* [Task item] Here is the task for the records below: repeat exactly the lines from the one with "Στεφάνι με Αχυρένιο" to the one with "Torre Donegal Tweed", both included, and nothing else.
───
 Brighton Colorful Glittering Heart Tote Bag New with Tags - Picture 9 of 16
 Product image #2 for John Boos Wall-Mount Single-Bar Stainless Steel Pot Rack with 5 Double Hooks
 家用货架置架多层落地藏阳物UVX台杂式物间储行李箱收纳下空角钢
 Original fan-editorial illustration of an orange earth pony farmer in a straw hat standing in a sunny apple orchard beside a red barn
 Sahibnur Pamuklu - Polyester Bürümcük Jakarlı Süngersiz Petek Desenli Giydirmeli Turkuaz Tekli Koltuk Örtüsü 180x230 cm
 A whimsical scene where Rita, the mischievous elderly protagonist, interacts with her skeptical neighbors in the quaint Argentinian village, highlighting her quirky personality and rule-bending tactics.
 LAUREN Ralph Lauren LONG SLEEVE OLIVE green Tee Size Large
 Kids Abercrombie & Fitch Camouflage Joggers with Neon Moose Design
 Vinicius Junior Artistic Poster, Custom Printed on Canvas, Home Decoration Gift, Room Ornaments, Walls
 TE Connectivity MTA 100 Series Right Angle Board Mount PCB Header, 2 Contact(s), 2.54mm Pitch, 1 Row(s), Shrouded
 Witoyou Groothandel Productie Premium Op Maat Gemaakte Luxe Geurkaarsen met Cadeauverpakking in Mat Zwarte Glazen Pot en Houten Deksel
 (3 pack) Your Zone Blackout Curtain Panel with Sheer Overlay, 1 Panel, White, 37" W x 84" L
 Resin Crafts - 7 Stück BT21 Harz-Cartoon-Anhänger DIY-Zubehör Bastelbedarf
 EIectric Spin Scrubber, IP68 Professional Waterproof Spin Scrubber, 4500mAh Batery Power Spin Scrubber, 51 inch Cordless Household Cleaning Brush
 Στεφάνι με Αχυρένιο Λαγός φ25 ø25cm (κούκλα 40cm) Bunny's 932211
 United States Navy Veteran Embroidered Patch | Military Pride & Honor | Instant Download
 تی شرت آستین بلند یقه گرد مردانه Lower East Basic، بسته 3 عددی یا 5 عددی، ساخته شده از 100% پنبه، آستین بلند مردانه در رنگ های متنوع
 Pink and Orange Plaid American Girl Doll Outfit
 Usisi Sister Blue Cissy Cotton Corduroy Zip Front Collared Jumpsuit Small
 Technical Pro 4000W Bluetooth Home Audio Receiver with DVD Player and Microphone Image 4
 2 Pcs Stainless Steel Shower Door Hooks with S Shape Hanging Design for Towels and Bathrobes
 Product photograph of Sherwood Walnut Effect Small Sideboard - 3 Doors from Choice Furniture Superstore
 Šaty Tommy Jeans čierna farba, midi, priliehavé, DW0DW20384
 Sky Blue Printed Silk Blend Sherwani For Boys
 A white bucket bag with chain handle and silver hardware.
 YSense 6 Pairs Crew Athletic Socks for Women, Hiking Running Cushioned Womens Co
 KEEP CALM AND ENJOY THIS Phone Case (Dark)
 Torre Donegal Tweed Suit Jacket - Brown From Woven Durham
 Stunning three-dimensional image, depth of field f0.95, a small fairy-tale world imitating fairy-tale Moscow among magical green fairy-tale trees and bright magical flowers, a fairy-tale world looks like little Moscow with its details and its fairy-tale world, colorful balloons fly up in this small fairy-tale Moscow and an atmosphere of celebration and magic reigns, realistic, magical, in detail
───
* [Completed exercise]
 Στεφάνι με Αχυρένιο Λαγός φ25 ø25cm (κούκλα 40cm) Bunny's 932211
 United States Navy Veteran Embroidered Patch | Military Pride & Honor | Instant Download
 تی شرت آستین بلند یقه گرد مردانه Lower East Basic، بسته 3 عددی یا 5 عددی، ساخته شده از 100% پنبه، آستین بلند مردانه در رنگ های متنوع
 Pink and Orange Plaid American Girl Doll Outfit
 Usisi Sister Blue Cissy Cotton Corduroy Zip Front Collared Jumpsuit Small
 Technical Pro 4000W Bluetooth Home Audio Receiver with DVD Player and Microphone Image 4
 2 Pcs Stainless Steel Shower Door Hooks with S Shape Hanging Design for Towels and Bathrobes
 Product photograph of Sherwood Walnut Effect Small Sideboard - 3 Doors from Choice Furniture Superstore
 Šaty Tommy Jeans čierna farba, midi, priliehavé, DW0DW20384
 Sky Blue Printed Silk Blend Sherwani For Boys
 A white bucket bag with chain handle and silver hardware.
 YSense 6 Pairs Crew Athletic Socks for Women, Hiking Running Cushioned Womens Co
 KEEP CALM AND ENJOY THIS Phone Case (Dark)
 Torre Donegal Tweed Suit Jacket - Brown From Woven Durham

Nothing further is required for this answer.